3. UNC’s version of the up-tempo spread has won over Harris.
This is how Harris answered the simple question of what he likes about UNC’s offense:
“I think just the opportunity of how open it is, spread-wise, the different levels of how you can execute within the offense, and I also like the quarterback coach (Chris Heckendorf) who works with me, I think he’s one of the best I’ve ever been around from explaining the game and breaking it down in its simplest forms where you can understand it, go out there and play at a high level as a quarterback.”
4. The greatest challenge so far? Footwork.
The casual observer might overlook the significance of a quarterback’s footwork, or take it for granted, but it’s one of the biggest determinants of success. At UNC, Harris will have to change his footwork to adapt to the Tar Heels’ offense, which is much different from the offense Harris played in at LSU.
There, he regularly lined up under center, and was required to master five- and seven-step drop backs. In UNC’s offense, though, there’s really no such thing as dropping back to pass, as quarterbacks almost exclusively operate out of the shotgun.
“Our footwork that we take here is totally different than what I did at LSU,” Harris said. “Out of the spread and under center is totally different.”

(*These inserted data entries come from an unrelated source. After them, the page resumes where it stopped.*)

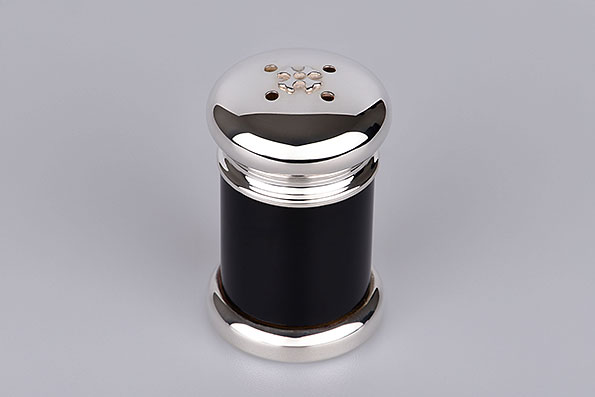 Sillem's Salzstreuer mit Bakelite versilbert Sillem's Salzstreuer mit Bakelite versilbert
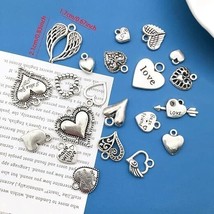 Heart Charms Valentines Day Pendants Antiqued Silver Assorted Mix Bulk Lot 120pc - £15.81 GBP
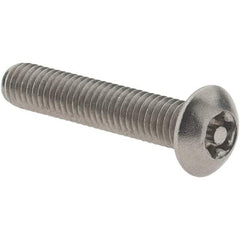 Value Collection - #10-32 UNF Pin In Torx Drive, Button Screw - Grade 18-8 Stainless Steel, Uncoated, 1" Length Under Head - Eagle Tool & Supply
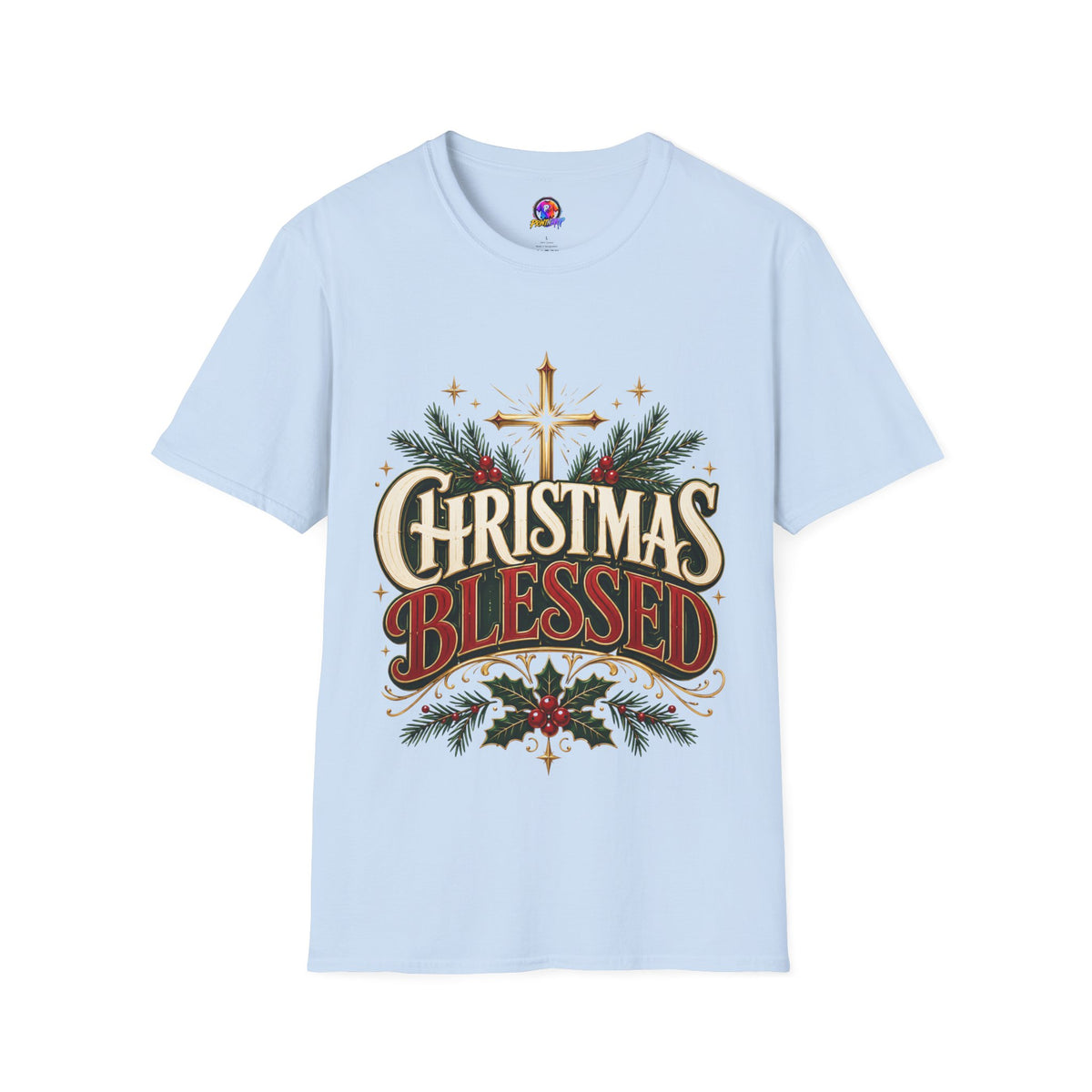 Christmas Blessed T-Shirt — Faith-Based Holiday Tee with Cross & Pine Design
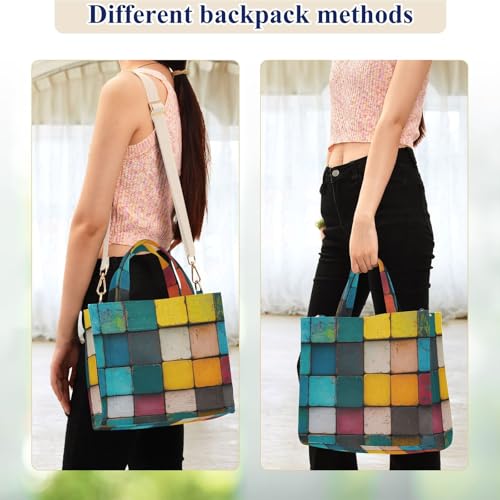 Bolso tote de pana para mujer con diseño colorido en bloques - Bolso cruzado grande y elegante de pana para uso diario miniatura 2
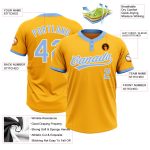 Custom Team Softball Jersey with Personalized Name and Number - Gold Light Blue-White Unisex Two-Button Design Personalized
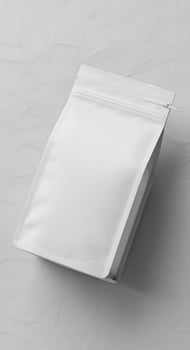 Clean White Stand-Up Pouch Mockup for Branding and Packaging Design Presentation, Modern Food Packaging Mockup with Zipper Closure on Textured Background photo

5. One of his main competitors has been one of his best teammates.
Harris and Nathan Elliott are likely the two favorites to start at quarterback when UNC begins the season on Sept. 3 against California. They are splitting repetitions evenly and sharing time with the first-team offense (though there isn’t much of a set first-team offense, with all that UNC lost).
Off the practice field, Harris and Elliott are rooming together where the Tar Heels are staying throughout the preseason. They’ve developed a strong relationship in a short amount of time, with Harris describing Elliott as “one of the best teammates” he’s ever had.
“Nate was a big part of helping me, and helping me learn the offense,” Harris said. “He’s going into his third season with it. And even though from the outside looking in it’s competition, but that spoke volumes about him for him to help me with it, any questions that I may have had.”